WebAssembly / gc

Branch of the spec repo scoped to discussion of GC integration in WebAssembly
https://webassembly.github.io/gc/
Other
982 stars 70 forks source link

validation rule of `ref.is_null`, `ref.as_non_null` and `ref.cast` #512

Closed zapashcanon closed 7 months ago

zapashcanon commented 7 months ago

Hi,

In the validation rule of ref.null ht I understand why ht has to be valid (ok in the rule), you don't want the user to write ref.null $idthatdoesnotexist.

But it is not clear to me why the same applies to ref.is_null.

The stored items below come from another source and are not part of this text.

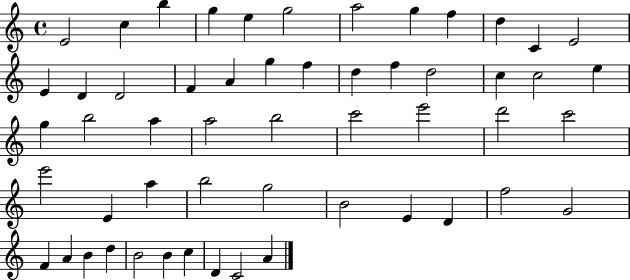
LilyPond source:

{
  \clef treble
  \time 4/4
  \defaultTimeSignature
  \key c \major
  e'2 c''4 b''4 | g''4 e''4 g''2 | a''2 g''4 f''4 | d''4 c'4 e'2 | \break e'4 d'4 d'2 | f'4 a'4 g''4 f''4 | d''4 f''4 d''2 | c''4 c''2 e''4 | \break g''4 b''2 a''4 | a''2 b''2 | c'''2 e'''2 | d'''2 c'''2 | \break e'''2 e'4 a''4 | b''2 g''2 | b'2 e'4 d'4 | f''2 g'2 | \break f'4 a'4 b'4 d''4 | b'2 b'4 c''4 | d'4 c'2 a'4 | \bar "|."
}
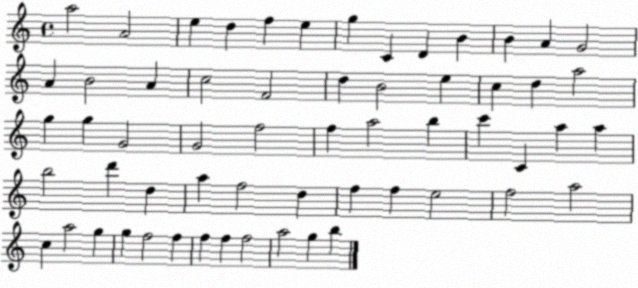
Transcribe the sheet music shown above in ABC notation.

X:1
T:Untitled
M:4/4
L:1/4
K:C
a2 A2 e d f e g C D B B A G2 A B2 A c2 F2 d B2 e c d a2 g g G2 G2 f2 f a2 b c' C a a b2 d' d a f2 d f f e2 f2 a2 c a2 g g f2 f f f f2 a2 g b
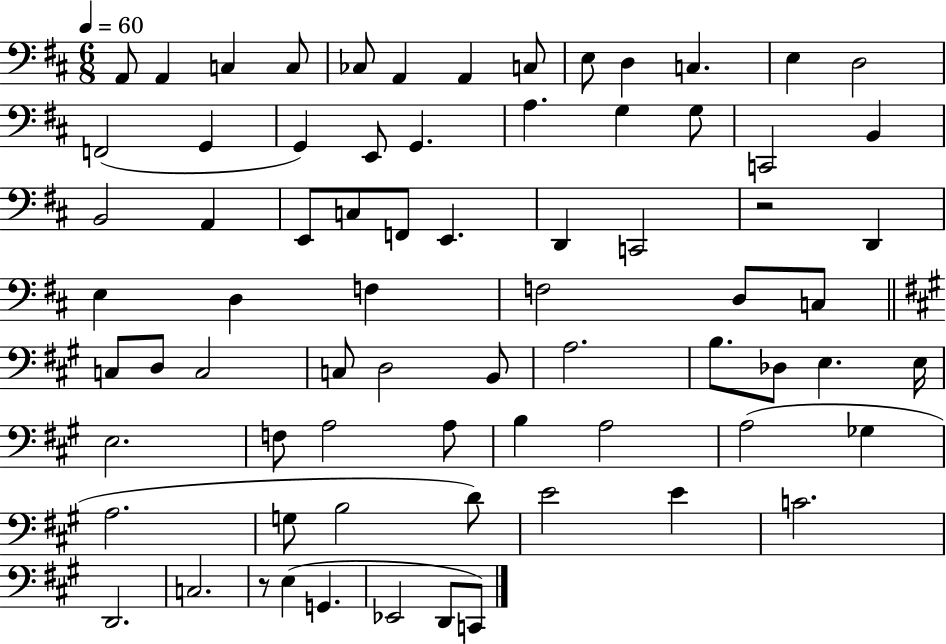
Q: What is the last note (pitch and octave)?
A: C2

It has type ref null ht -> ref ht, but here, ht comes from a value that is on the stack and I don't see how it could not be valid (or why we should care when validating the instruction).

The same question applies to ref.as_non_null and to the rt' type in ref.cast (here I understand why rt must be ok but not rt').

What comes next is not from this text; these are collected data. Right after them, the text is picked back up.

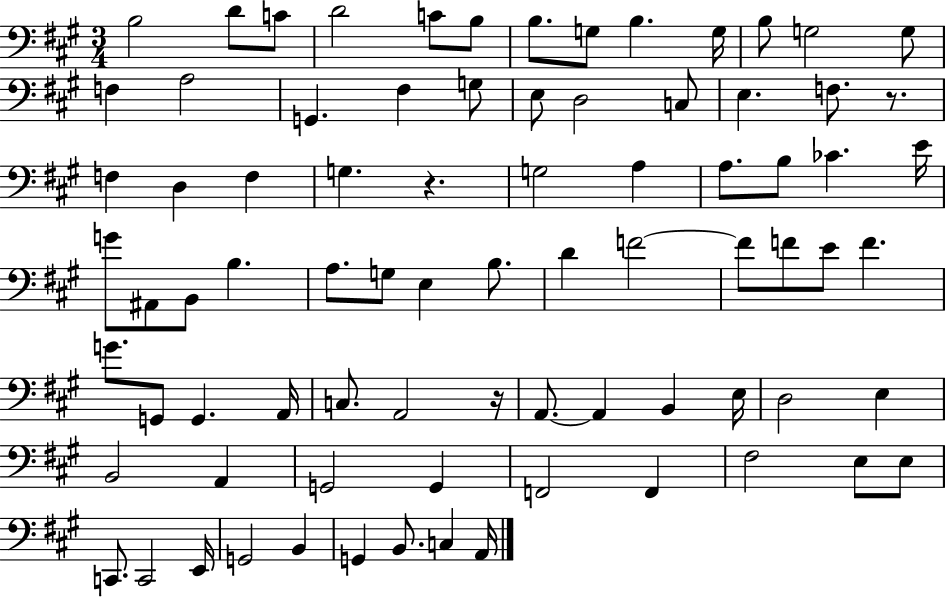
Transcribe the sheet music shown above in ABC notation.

X:1
T:Untitled
M:3/4
L:1/4
K:A
B,2 D/2 C/2 D2 C/2 B,/2 B,/2 G,/2 B, G,/4 B,/2 G,2 G,/2 F, A,2 G,, ^F, G,/2 E,/2 D,2 C,/2 E, F,/2 z/2 F, D, F, G, z G,2 A, A,/2 B,/2 _C E/4 G/2 ^A,,/2 B,,/2 B, A,/2 G,/2 E, B,/2 D F2 F/2 F/2 E/2 F G/2 G,,/2 G,, A,,/4 C,/2 A,,2 z/4 A,,/2 A,, B,, E,/4 D,2 E, B,,2 A,, G,,2 G,, F,,2 F,, ^F,2 E,/2 E,/2 C,,/2 C,,2 E,,/4 G,,2 B,, G,, B,,/2 C, A,,/4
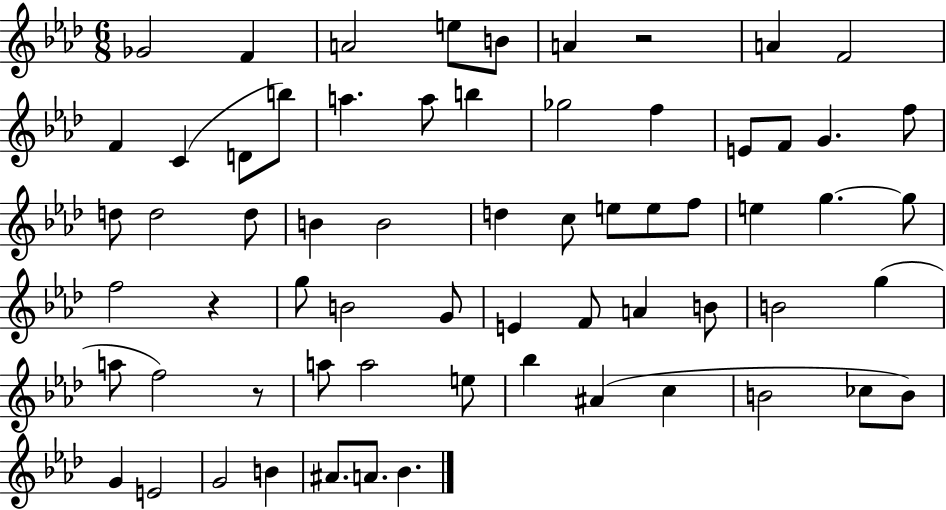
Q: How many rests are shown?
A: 3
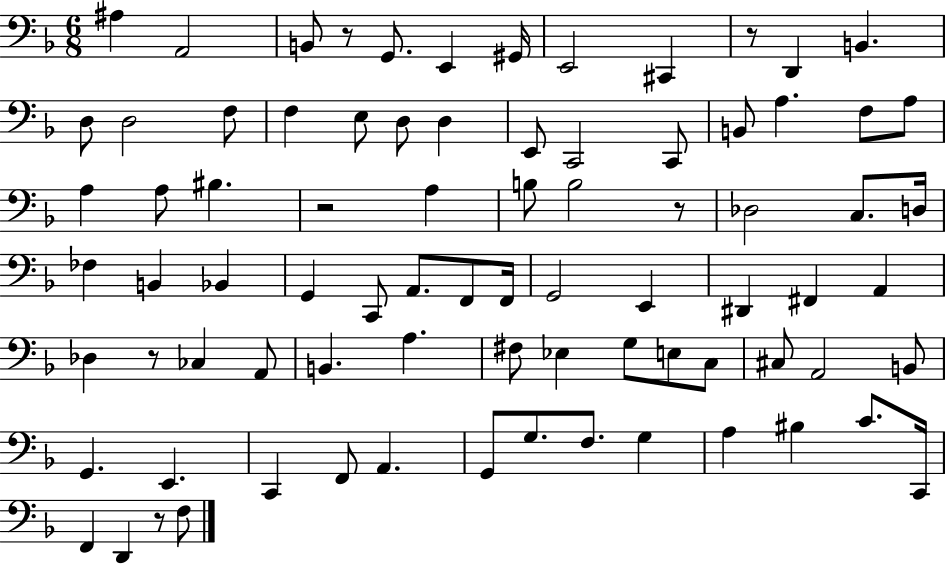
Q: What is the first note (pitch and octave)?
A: A#3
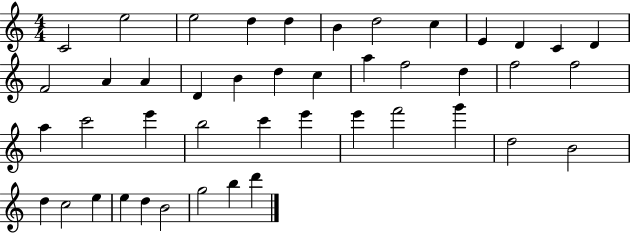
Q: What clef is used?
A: treble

I feel like I'm missing something obvious but I can't find an explanation.

Thanks.

rossberg commented 7 months ago

Keep in mind that this is a typing rule that can just make up ht, it is a locally non-deterministic "guess" with nothing else constraining it. (A stack exists at runtime but not in the validation rules – the instruction types are all there is.) In particular, an ill-formed choice would later produce a subtyping premise against an ill-formed type in the sequencing rule, e.g., when typing (ref.null any) (ref.is_null).

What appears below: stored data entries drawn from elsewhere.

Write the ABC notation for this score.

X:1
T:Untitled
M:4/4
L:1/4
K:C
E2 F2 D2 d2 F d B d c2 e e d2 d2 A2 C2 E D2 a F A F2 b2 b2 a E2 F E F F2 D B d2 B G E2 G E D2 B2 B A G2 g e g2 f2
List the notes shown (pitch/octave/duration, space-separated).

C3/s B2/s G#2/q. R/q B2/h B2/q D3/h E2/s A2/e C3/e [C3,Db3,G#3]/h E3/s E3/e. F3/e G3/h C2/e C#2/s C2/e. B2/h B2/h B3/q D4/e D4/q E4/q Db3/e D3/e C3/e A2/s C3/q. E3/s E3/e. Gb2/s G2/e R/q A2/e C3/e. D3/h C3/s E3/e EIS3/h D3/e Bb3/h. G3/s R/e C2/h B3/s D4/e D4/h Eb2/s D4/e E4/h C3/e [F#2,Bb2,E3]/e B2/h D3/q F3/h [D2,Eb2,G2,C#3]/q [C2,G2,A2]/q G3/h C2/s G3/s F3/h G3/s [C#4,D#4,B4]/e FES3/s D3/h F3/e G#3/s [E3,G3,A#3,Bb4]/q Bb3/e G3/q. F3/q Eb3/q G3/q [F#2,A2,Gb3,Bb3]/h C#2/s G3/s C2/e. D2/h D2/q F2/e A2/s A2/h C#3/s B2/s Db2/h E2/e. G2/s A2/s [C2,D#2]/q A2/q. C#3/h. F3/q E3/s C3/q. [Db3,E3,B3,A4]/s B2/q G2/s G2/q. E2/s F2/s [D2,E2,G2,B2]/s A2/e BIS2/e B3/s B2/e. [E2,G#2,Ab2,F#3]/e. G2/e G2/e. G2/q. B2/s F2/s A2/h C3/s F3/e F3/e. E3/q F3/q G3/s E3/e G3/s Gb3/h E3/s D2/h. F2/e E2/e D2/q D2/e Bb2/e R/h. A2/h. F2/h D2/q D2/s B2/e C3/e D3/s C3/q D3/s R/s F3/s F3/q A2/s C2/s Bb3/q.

This is not uncommon in declarative type systems that need to "guess" types in individual rules.

zapashcanon commented 7 months ago

Yes, I'm not disturbed by the rule making up ht. But I don't see how an ill-formed choice is a problem as if it is wrong, it won't match when combining the rules.

The typing judgements are of the form:


------------- (0)
Γ ⊢ ε : ε → ε
Γ ⊢ i : t∗ → t′∗      Γ ⊢ i∗ : t′∗ → t′′∗
----------------------------------------- (1)
Γ ⊢ i i∗ : t∗ → t′′∗

Then, with your example we have:


-------------------------------
Γ ⊢ ref.null any : ε → ref null any

-----------------------------------
Γ ⊢ ref.is_null : ref null ht → i32

And we can apply (1) only if ht matches any:

Γ ⊢ ref.null any : ε → ref null any     Γ ⊢ ref.is_null : ref null any → i32
-----------------------------------------------------------------------------
Γ ⊢ (ref.null any) (ref.is_null) : ε → i32
rossberg commented 7 months ago

You still want to preserve well-formedness of all objects in all rules. Otherwise you'll have a very hard time to do any inductive proof about the type system.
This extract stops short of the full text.